▶ **Problem to solve**:
A faithful transcription of all the data, images excluded, is the required answer.

===== Information supplied =====

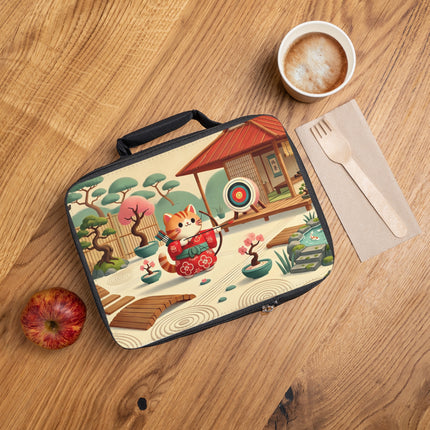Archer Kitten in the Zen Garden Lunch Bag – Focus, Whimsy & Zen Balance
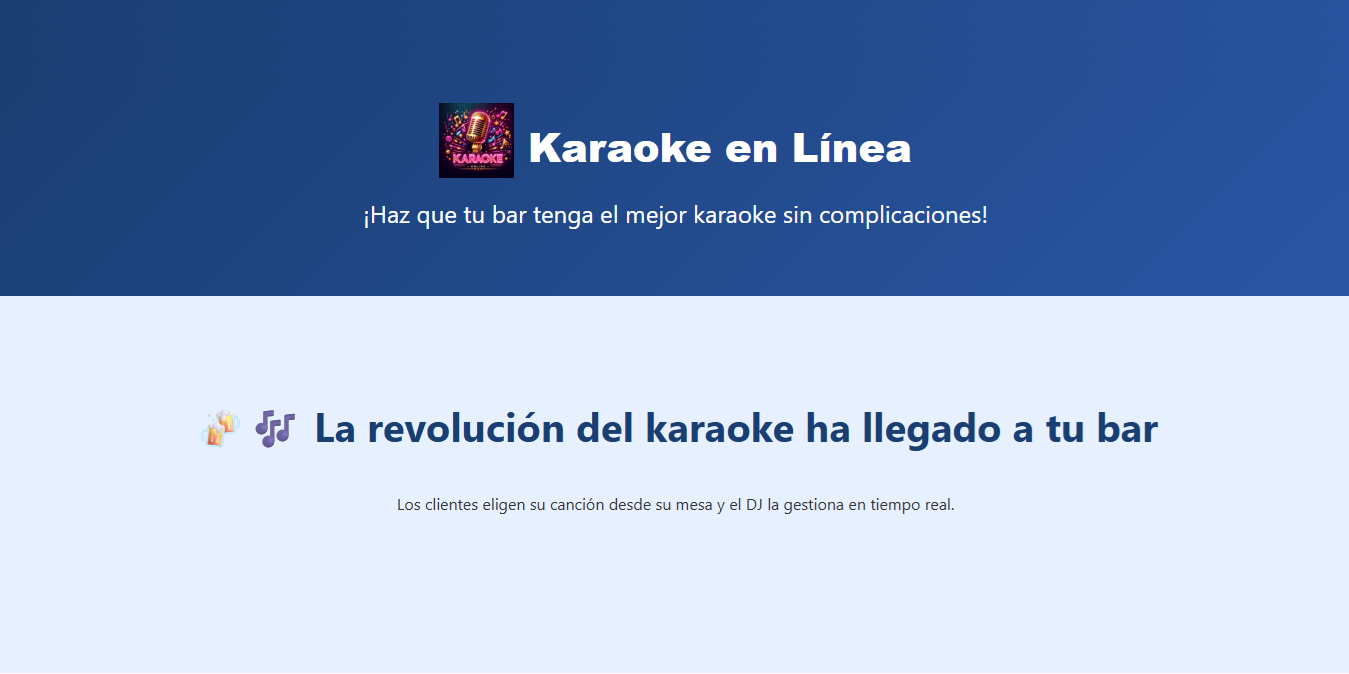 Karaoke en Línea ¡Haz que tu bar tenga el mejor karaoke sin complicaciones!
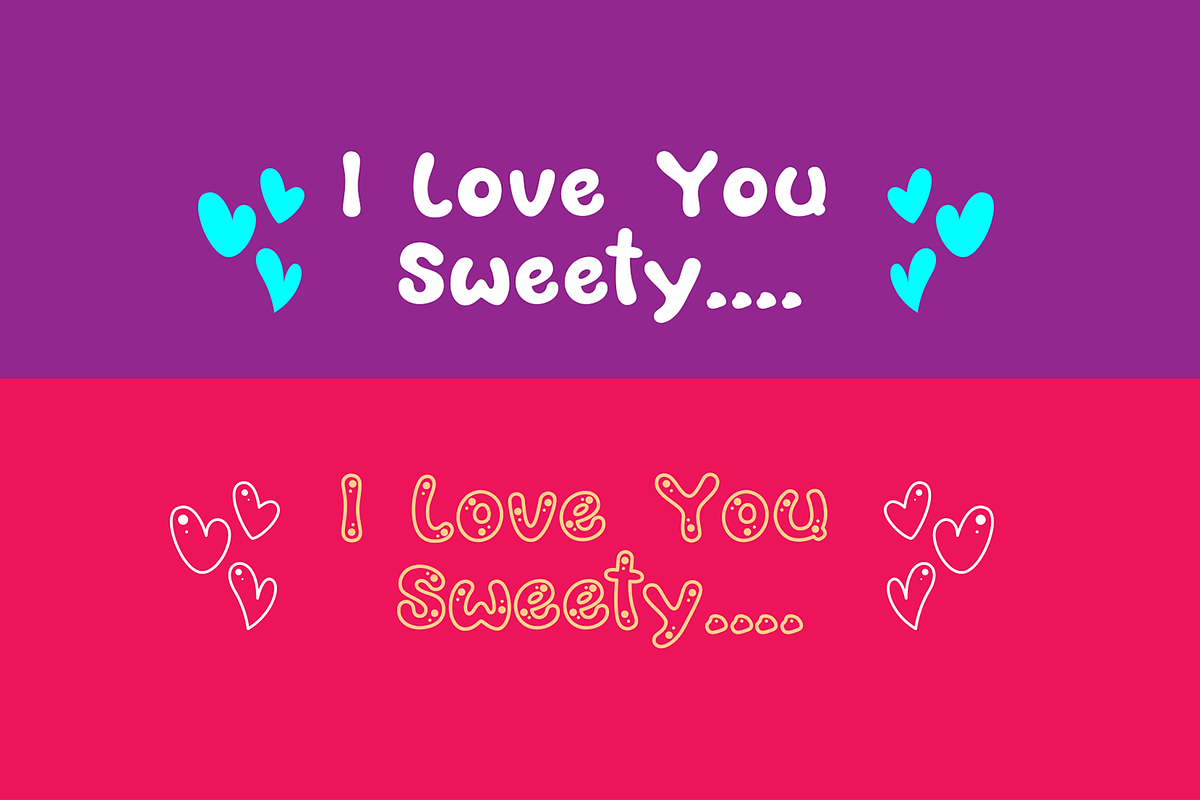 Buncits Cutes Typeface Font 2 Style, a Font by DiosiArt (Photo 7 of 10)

=====

▶ **Final answer**:
Archer Kitten in the Zen Garden Lunch Bag – Focus, Whimsy & Zen Balance
 Karaoke en Línea ¡Haz que tu bar tenga el mejor karaoke sin complicaciones!
 Buncits Cutes Typeface Font 2 Style, a Font by DiosiArt (Photo 7 of 10)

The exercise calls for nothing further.